Next month, Germany will elect a new Bundestag. I have written an article on possible coalitions a few weeks ago (click). Today let's look at what is happening in the electoral campaigns.
Merkel visited Dachau yesterday. Of course, she also visited the concentration camp memorial. It makes her the first chancellor to do so while in power. The SPD and the Greens are complaining that she was doing so as part of the electoral campaign. Currently, there is a smaller version of the Oktoberfest happening in the town and she held a speech in a beer tent there. Hannelore Kraft, who would have been a far better chancellor candidate for the SPD, will do exactly the same drill next month. Of course, in both cases, the politician is first booked for the speech and then the party tries to find something to do for them; and of course the concentration camp is a must. The only complaint that I have is that there were more journalists than guests present. It would have been better to just have a picture outside of the memorial site; and make the actual visit private.
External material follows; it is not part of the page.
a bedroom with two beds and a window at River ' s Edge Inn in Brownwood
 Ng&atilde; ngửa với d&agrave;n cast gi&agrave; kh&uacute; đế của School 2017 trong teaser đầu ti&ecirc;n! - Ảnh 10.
Schäuble, also yesterday, said that Greece will need additional help next year. (Well, thanks Captain Obvious). It sounded a bit like a hair cut light, aka. reducing the interest payments while increasing the duration of the credit, but an actual hair cut would be preferable in my opinion.
The SPD is just desperate. First Chancellor candidate Steinbrück ruled out a grand coalition (with Merkel's Christian democrats) now some in the party a for it. First the plan was to increase taxes now it seems to be to lower it. Schröder, the former chancellor responsible for the party moving away from its core believes, is also back. You just know that a electoral campaign is going really well, when you get booed by your own potential voters.
The biggest upset during the campaign of the Greens was that they wanted to introduce a "Veggie-day" at state canteens. Bild reported on that with months of delay. Fascism! (*snark*)
The NSA eavesdropping does not play a big role in the electoral campaign because the SPD was just as much involved in selling out Germans as was the CDU/CSU. They tried, got exposed by the government, and stopped. Not even the Pirates seem to be profiting, they remain at 3 percent in the polls. The hurdle is 5 percent.
This can be considered the most boring campaign ever. Really, everything points towards either a grand coalition of CDU/CSU/SPD, or the current coalition remaining in power for four more years. Merkel and Schäuble are by far the most liked politicians. The SPD does not even seem to believe they still have a chance; and they actually don't because Steinbrück is not a good candidate.